The central aim of our research is to gain knowledge about physical phenomena which occur in condensed matter systems. To achieve this we rely on the tools of many-body physics. Currently, we are investigating whether conducting states of the topological kind exist at an interface between an ideal conductor and an insulator. We are also developing a variational Monte Carlo technique for lattice models, which we are applying to the bosonic Hubbard models in various dimensions. Another ongoing project is the description of transport (conduction, superconductivity, and superfluidity) based on the total momentum and related quantities. We are also investigating generalizations of the magnetic translation group.
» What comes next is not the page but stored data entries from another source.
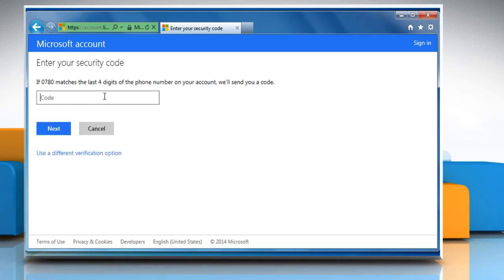The code will be sent to you over email or via SMS. Click the link in the email to reset your password, or if you have got the code on your phone, enter it in the Enter your security code window that you get after choosing the password reset option.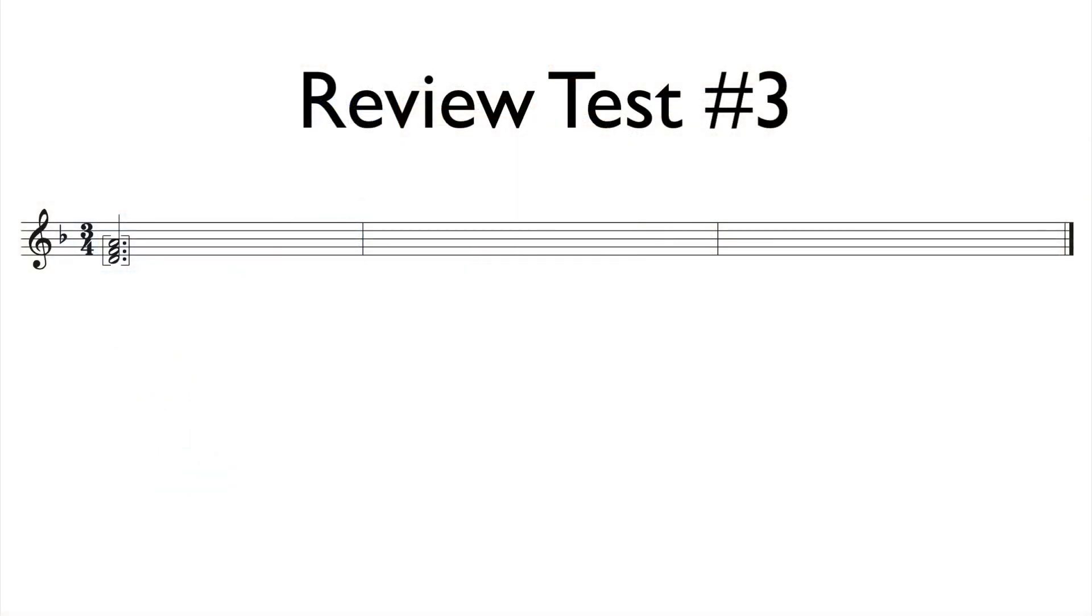Welcome to another RCM Level 4 playback video. This is example review test number 3. This example is in D minor. Go ahead and play a D minor triad along with me.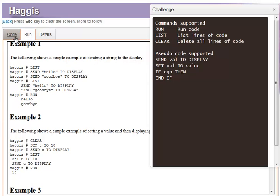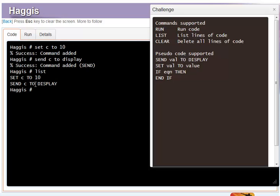That's our code, now we'll just run it. There we go — C is set as a variable, set to 10, and it's just displayed it.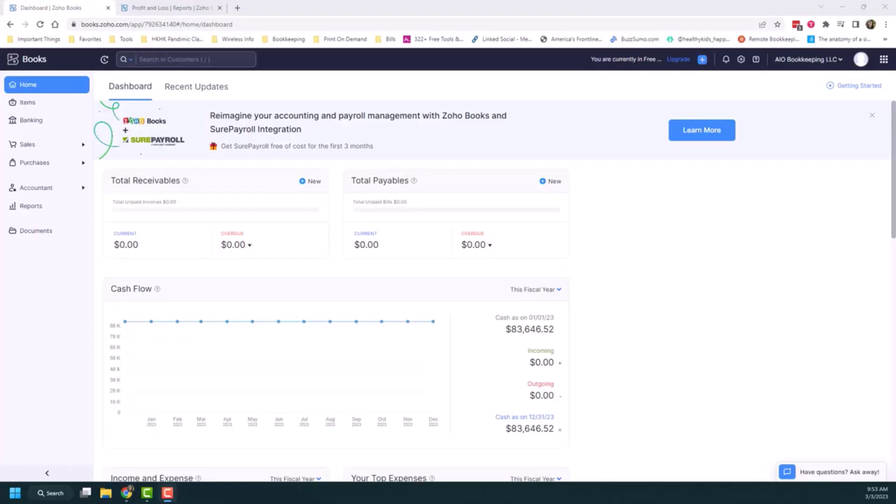So your chart of accounts is essentially the foundation of your bookkeeping software. These accounts are classified into different types such as income, expense, equity, liability, and assets. And these are the accounts that you categorize your transactions into. So it's really important that the chart of accounts is set up correctly. When you're adding accounts, you're putting them in the right places and the right categories. Otherwise, it will impact how your data shows up in your reporting.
It was recently shown that the transport coefficient of ideal conduction, the Drude weight, can be expressed in terms of a topological invariant. This suggests that an interface between an ideal conductor and an insulator, across which the topological invariant abruptly changes its value, should exhibit topological edge states. We consider the edge at the interface of a simple tight-binding model and a band insulator. We find that crossings in the band structure (one dimensional Dirac points) appear when an interface is present in the system. We calculate the hopping energy along lines of bonds parallel to the interface as a function of distance from the interface. Similarly, we introduce a transport coefficient (Drude weight) which for charge currents running parallel to the interface. We find that charge mobility (both the kinetic energy and the Drude weight) is significantly enhanced in the tight-binding model near the interface.


An expansion, similar to the cumulant expansion in probability theory, is carried out for the Bargmann invariant, which is the quantity from which the Berry phase can be derived. The derivation shows that the first term in the expansion corresponds to the Berry phase itself, the higher order terms can be interpreted as the associated cumulants; spread, skew, kurtosis, etc. The gauge invariance of all of these quantities is also demonstrated.


Cumulants of a spin-1/2 particle in a precessing field


  • $C_1= -i \int d \chi \gamma_1$

  • $C_2= - \int d \chi [\gamma_2 - \gamma_2^2] $

  • $C_3= i \int d \chi [\gamma_3 - 3\gamma_2\gamma_1+2\gamma_1^3] $

  • $C_4= \int d \chi [\gamma_4 - 3\gamma_2^2 - 4 \gamma_3\gamma_1 + 12\gamma_1^2\gamma_2 - 6\gamma_1^4] $